How does GST impact car prices, its benefits, issues to be resolved?

Impact on car prices: The overall tax rates on cars have reduced under GST compared to VAT. This has led to a reduction in prices of cars. Under GST taxes are charged on the consumption state rather than the original state which will boost the automobile sector.


Consumer: The tax rates on automobiles have reduced under GST. Due to this reduction, a consumer has to pay a lower tax amount as compared to VAT.
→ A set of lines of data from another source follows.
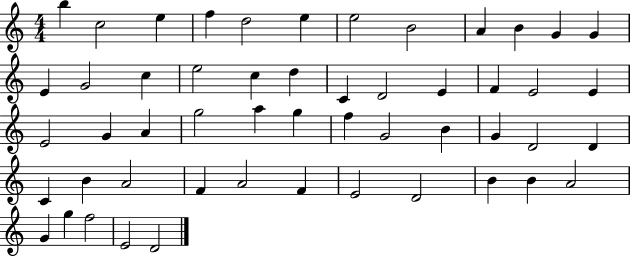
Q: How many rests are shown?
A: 0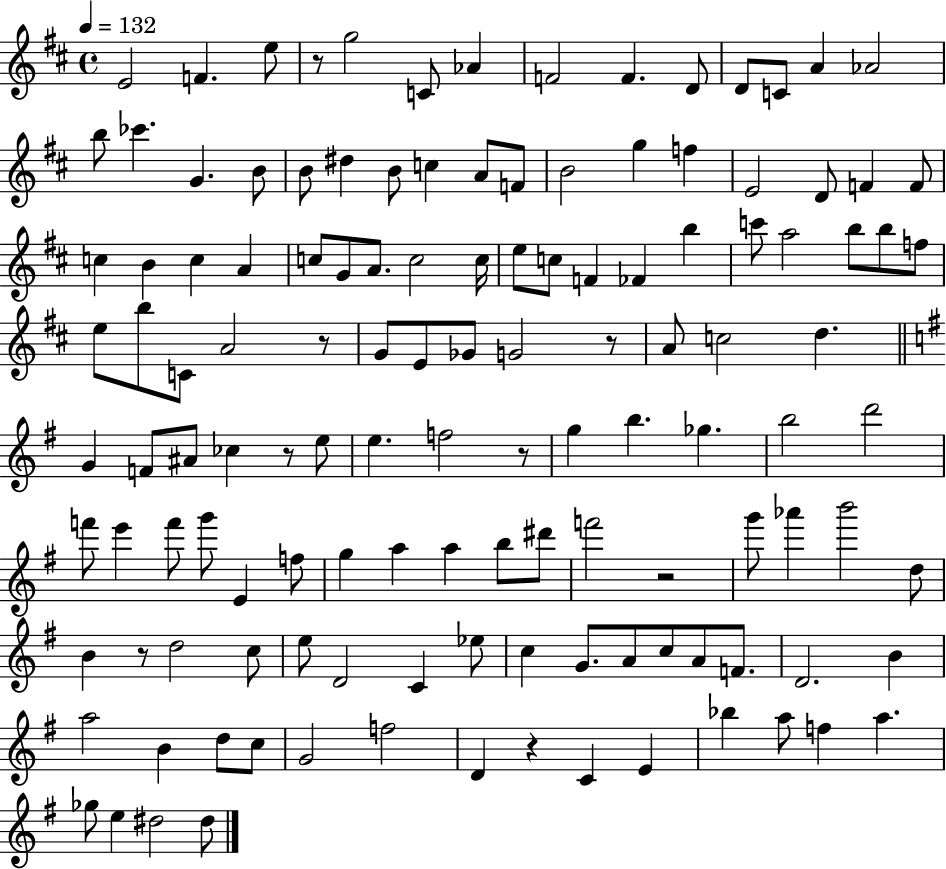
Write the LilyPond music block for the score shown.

{
  \clef treble
  \time 4/4
  \defaultTimeSignature
  \key d \major
  \tempo 4 = 132
  e'2 f'4. e''8 | r8 g''2 c'8 aes'4 | f'2 f'4. d'8 | d'8 c'8 a'4 aes'2 | \break b''8 ces'''4. g'4. b'8 | b'8 dis''4 b'8 c''4 a'8 f'8 | b'2 g''4 f''4 | e'2 d'8 f'4 f'8 | \break c''4 b'4 c''4 a'4 | c''8 g'8 a'8. c''2 c''16 | e''8 c''8 f'4 fes'4 b''4 | c'''8 a''2 b''8 b''8 f''8 | \break e''8 b''8 c'8 a'2 r8 | g'8 e'8 ges'8 g'2 r8 | a'8 c''2 d''4. | \bar "||" \break \key e \minor g'4 f'8 ais'8 ces''4 r8 e''8 | e''4. f''2 r8 | g''4 b''4. ges''4. | b''2 d'''2 | \break f'''8 e'''4 f'''8 g'''8 e'4 f''8 | g''4 a''4 a''4 b''8 dis'''8 | f'''2 r2 | g'''8 aes'''4 b'''2 d''8 | \break b'4 r8 d''2 c''8 | e''8 d'2 c'4 ees''8 | c''4 g'8. a'8 c''8 a'8 f'8. | d'2. b'4 | \break a''2 b'4 d''8 c''8 | g'2 f''2 | d'4 r4 c'4 e'4 | bes''4 a''8 f''4 a''4. | \break ges''8 e''4 dis''2 dis''8 | \bar "|."
}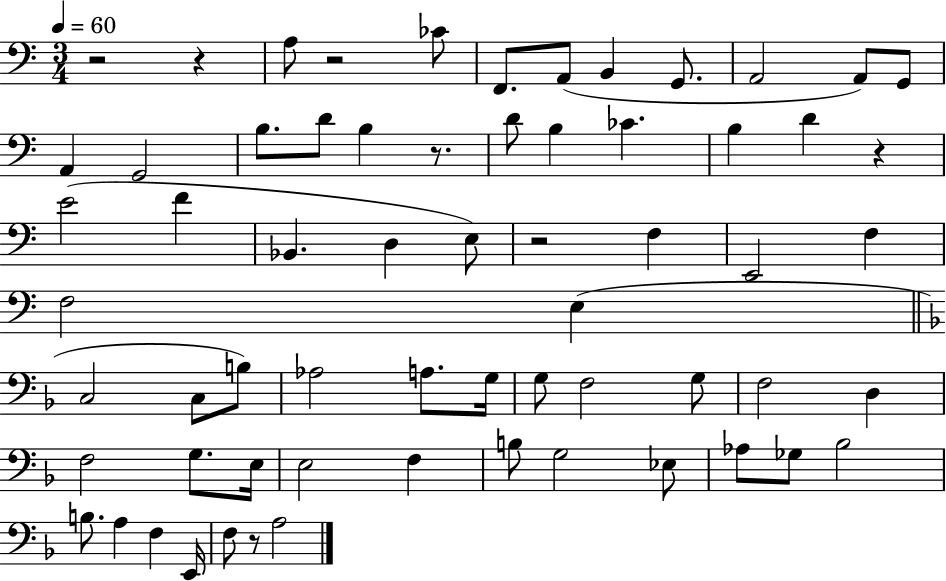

Dealers/Importers: Earlier the dealers and importers couldn’t claim VAT and excise duty already paid. But, with the introduction of GST dealers and importers can claim the taxes already paid.

Manufacturers: GST has subsumed excise duty and thus reduced the overall cost of manufacturing. Even ITC can be claimed on raw materials used. Thus, car manufacturers are getting all the benefits which enable them to reach out to more customers.

Issues to be resolved

Bundling of the car with accessories, warranties and handling charges:

Car dealers charge for the sale of vehicles and various other ancillary services such as insurance, extended warranty, accessories, etc. Now, the question arises about the classification.

Whether the charges for the sale of a vehicle and other ancillary costs should be charged under GST separately or should it be treated as a ‘composite supply’? Normal interpretation is that it should be treated as a composite supply as the vehicle remains the principal supply, and other charges are being incidental or ancillary.

For example, in the case of AMC contracts, the main aim is to keep the vehicle in the running condition and not supply the goods. Thus, even though the supply of goods is of high value, they are still incidental to the principle requirement of maintenance. Therefore, it will be termed a ‘composite supply’ of maintenance, and GST would be levied accordingly.

Several other factors also have to be looked into while deriving a conclusion on case to case basis. Therefore, if classification is not clearly detailed in the transaction/ agreement, the consequences of valuation issues could hit this industry with large scale litigation in the GST regime.